Gun violence in the U.S. is both a public health and human rights crisis with extraordinary and escalating human and economic costs. A Johns Hopkins University study revealed the annual cost of care for victims of gun violence is an average of $2.8 billion in emergency-room and inpatient charges alone; when lost wages are factored in, the financial burden rises to $45 billion annually.

While we believe that sensible gun control legislation and enforcement is needed to help halt the wave of senseless gun tragedies, progress has been stalled at the federal level in large part due to an aggressive NRA lobby. Corporations, therefore, have an important role to play both to ensure that they are not indirectly complicit in these lethal events, and in advancing the solutions that may help prevent them.  While the business case for companies to reduce their exposure to this issue is clear, the moral case for action grows more urgent each day.  We therefore ask companies to carefully reflect on how their operations, business relationships, supply chain policies, marketing practices and public voices might be used to counter gun violence and foster safer communities.”

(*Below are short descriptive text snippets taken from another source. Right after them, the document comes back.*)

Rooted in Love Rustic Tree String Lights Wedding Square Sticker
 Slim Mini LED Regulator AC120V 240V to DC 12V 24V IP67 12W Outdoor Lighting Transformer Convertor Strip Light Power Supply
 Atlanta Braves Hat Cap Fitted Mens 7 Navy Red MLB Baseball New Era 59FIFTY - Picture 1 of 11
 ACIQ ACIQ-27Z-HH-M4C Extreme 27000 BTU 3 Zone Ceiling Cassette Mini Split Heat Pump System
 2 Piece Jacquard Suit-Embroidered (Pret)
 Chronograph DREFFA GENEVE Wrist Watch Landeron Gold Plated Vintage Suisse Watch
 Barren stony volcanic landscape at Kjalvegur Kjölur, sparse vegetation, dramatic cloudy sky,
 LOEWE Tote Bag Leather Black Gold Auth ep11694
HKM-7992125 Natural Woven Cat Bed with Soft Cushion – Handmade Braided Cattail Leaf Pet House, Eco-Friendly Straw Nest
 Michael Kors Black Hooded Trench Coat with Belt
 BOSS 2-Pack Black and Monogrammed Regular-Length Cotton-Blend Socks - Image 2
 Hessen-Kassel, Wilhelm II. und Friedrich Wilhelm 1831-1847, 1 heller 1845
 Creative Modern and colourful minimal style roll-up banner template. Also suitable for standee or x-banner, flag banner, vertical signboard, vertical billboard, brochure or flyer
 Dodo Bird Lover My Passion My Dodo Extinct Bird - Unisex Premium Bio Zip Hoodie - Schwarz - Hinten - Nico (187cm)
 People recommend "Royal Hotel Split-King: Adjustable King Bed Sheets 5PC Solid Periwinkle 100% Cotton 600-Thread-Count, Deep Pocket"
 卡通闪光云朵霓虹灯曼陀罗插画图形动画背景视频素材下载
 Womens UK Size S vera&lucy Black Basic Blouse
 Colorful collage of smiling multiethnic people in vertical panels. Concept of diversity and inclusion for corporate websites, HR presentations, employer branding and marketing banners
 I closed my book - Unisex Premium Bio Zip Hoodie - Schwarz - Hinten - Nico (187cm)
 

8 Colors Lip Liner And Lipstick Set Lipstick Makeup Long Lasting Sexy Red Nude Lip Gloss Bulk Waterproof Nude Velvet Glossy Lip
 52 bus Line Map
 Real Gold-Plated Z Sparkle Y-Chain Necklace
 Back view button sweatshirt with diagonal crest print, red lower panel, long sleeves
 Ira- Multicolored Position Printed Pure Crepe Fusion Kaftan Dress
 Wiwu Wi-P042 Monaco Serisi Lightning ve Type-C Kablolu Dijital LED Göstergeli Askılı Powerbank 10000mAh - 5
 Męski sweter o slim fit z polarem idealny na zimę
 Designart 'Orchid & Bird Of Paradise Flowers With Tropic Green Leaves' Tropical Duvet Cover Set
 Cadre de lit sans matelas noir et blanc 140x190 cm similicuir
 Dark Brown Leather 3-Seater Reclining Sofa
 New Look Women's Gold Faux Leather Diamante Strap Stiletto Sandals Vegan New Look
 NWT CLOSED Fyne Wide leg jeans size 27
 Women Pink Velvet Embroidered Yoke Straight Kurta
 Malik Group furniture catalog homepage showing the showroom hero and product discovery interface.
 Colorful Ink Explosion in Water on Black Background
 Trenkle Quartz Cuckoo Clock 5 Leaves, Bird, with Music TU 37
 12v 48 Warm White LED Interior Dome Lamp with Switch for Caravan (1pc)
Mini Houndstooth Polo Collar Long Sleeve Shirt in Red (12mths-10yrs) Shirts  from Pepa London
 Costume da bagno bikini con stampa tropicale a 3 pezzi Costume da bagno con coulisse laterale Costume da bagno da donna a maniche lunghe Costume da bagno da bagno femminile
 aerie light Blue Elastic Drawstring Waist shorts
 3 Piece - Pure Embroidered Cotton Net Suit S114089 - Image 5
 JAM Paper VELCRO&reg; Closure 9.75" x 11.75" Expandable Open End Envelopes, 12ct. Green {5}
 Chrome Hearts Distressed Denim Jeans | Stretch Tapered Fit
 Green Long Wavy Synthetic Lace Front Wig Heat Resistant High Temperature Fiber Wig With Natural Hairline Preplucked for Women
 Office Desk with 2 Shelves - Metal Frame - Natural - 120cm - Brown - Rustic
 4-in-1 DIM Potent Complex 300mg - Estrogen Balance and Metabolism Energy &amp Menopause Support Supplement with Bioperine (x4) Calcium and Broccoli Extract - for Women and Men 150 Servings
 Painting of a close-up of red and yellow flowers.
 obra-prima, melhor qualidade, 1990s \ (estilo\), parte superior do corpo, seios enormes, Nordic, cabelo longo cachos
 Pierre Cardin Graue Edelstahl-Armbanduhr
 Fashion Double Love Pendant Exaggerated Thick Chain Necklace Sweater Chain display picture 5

IASJ Affiliate Statements on Gun Violence:
Franciscan Sisters of Allegany Corporate Stance

Examples of companies making positive commitments to address the corporate influence on gun violence:

Dick’s Sporting GoodsWalmart, and Kroger each raised the age restriction for the purchase of guns in their stores to 21 years of age, among other individual commitments. Citi is instituting a new U.S. Commercial Firearms Policy. Several additional companies have ended ties with the NRA.